In December 2009, HMRC clarified its interpretation of cycle to work rules. Previously, the tax-efficient cycle to work scheme was ‘generally available’ i.e. employees at or near National Minimum Wage and under 18s were excluded. Look for a provider that can offer you a fully compliant scheme that embraces these employee groups, backed up by an indemnity sourced from a credible tax advisor and the bike retailer itself to give you peace of mind.
“Consumer Credit Act 1974″
According to this, making cycle to work ‘available generally’ creates a legal risk in respect of employees under 18, i.e. ‘a person commits an offence who, with a view to financial gain, sends to a minor any document inviting him to obtain goods (e.g. cycle to work) on credit or hire’. A good cycle to work provider will ensure you avoid that risk in a fully compliant manner.
“5 April 2011″
Take note of this date. If you run a childcare voucher scheme, higher rate taxpayers need to register before time runs out to maximise their benefit.
Does your childcare voucher provider pass the ‘leave on the train test?’ The past few years have seen too many news stories of organisations losing sensitive data in careless ways, creating widespread security paranoia for anyone who had ever had dealings with those organisations. Employee benefits providers are nominated by an employer to be in a position of trust. The employee in turn is placing trust in their employer to choose a provider that takes extra special care over sensitive details such as childcare information and use the most advanced, secure processes possible to keep them safe and away from prying eyes.
If your employee benefits provider is not accredited with the strict ISO 27001 Information Security standard, you should seriously think about finding one that is. In a world where hacking and identity theft has become all too common, there really is no excuse for not putting your employees’ details in safe hands.
“Recovery of VAT on retail vouchers”
The EU Advocate General agrees with HMRC that VAT on vouchers purchased is deductible but has a corresponding output VAT liability.
The Advocate General’s Opinion, which the European Court will consider before it gives a final ruling later this year, acknowledged that the European Commission may want to consider whether the UK rules are in line with European VAT law. It was also stated employers should account for VAT when they provide retail vouchers to staff as part of a salary sacrifice scheme.

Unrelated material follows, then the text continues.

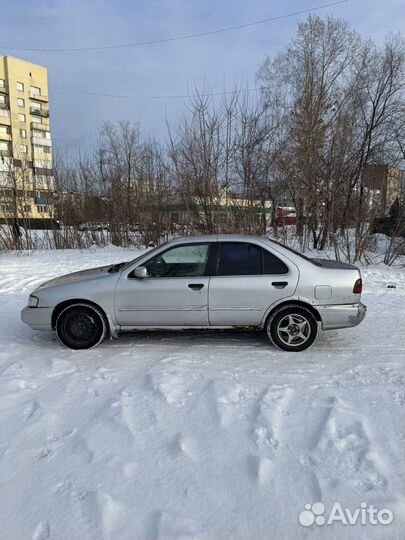 Nissan Sunny 1.5 AT, 1998, 236 895 км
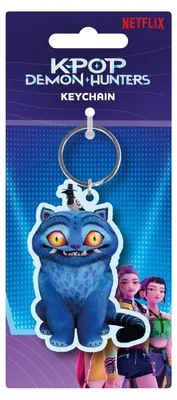 Produktbild von K-Pop Demon Hunters - Derpy & Sussie - Keyring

Giles Salmond, a director in the tax dispute resolution group at Deloitte, said:
“This is an important step in clarifying how the complex VAT rules on vouchers should be applied. If the Advocate General’s Opinion is followed, businesses may have to revisit how they deal with retail vouchers as part of salary sacrifice schemes. Although we will have to wait for the final judgment of the European Court before the position is certain, it is likely that the VAT treatment of vouchers will have to be considered by legislators possibly at a Community level”.
If you have vouchers in a salary sacrifice scheme, it may be best to avoid the uncertainty and consider routing employees via voluntary benefits. Your employees won’t have to commit up to a year in advance and can choose what they want when they want.